Of course I can, and that's what I end up doing. Its just onerous, and because I know that there is an easier and cleaner way it feels like a workaround hack. As Roger Martin stated in another reply: "I use this heavily and it works great while simplifying code considerably. Got rid of bubbling errors and multiple ways to do exceptions/errors. When the unified boost exceptions came into existence tried them and immediately found a difference in code style, code size, readability and code maintenance" Boost Exception allows me to ignore the issue, I don't even have to know if a peace of code does threading and needs it, it will just work when I do. These kind of 'Abstraction Enablers' provide real progress for programming in general, much more than the concrete functionality value alone.
It makes the library more "fragil".
No, it gave your users more functionality in an area of which you were not even aware.
That's exactly what makes it more fragil. From my standpoint, I'm on the hook for any problem which occurs in the injected code. Code actually have no idea what it does.
Thats what I gathered, and what I disagree with. IMVHO This stance you take does not scale.

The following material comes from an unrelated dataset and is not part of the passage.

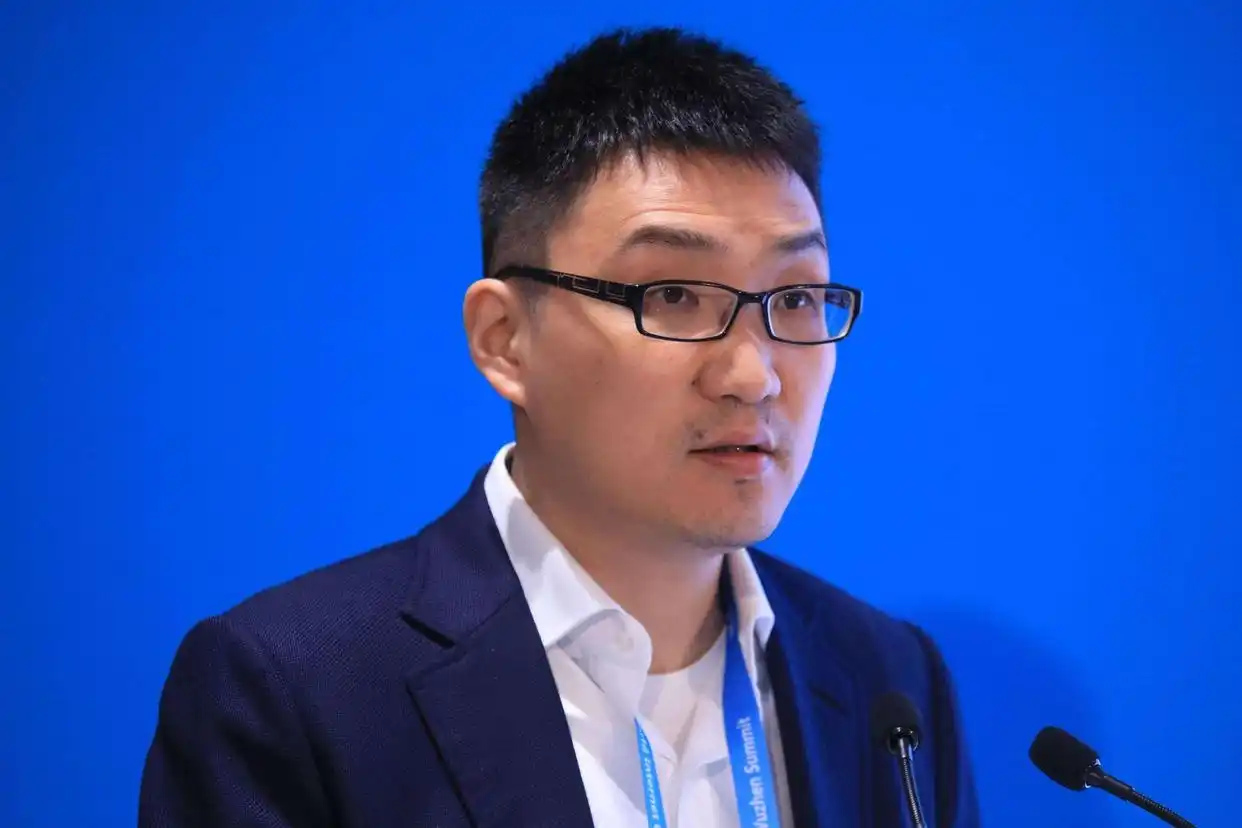 黄峥的商业直觉与决策能力_直觉决策能力从哪里来_直觉决策案例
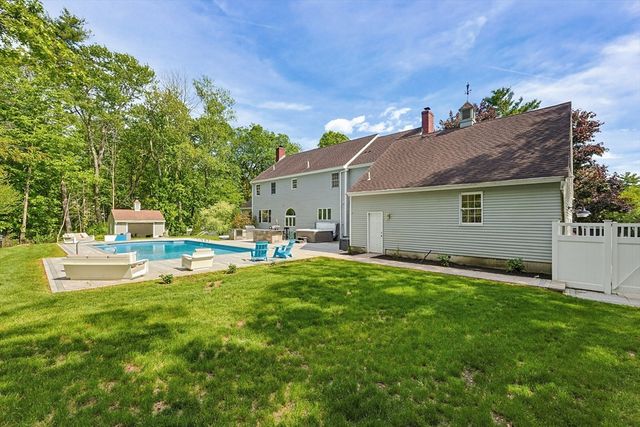 5 Hickory Dr, Medfield, MA 02052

It means I have I a new place to look if something needs looking into. etc.etc.
It is a shoulder (not quite a giants, but still) to stand on, which gives you a higher reach!
Gives YOU a higher reach - at my expense.
I will say you've given a rousing endorsement of boost exception and a good case for it's merits.
I'm not convinced that you've all the applications of boost libraries outside your problem domain. If someone wanted to take a serious look at the something the serialization (or other library) and propose some enhance me - maybe via a policy argument or whatever and create a TRAC item, that would be one thng. But for one person to inject code/depency into a separate library because he "knows better what users need" isn't a great idea (unless he wants to take over maintainence of the library - which of course would be a whole different thing.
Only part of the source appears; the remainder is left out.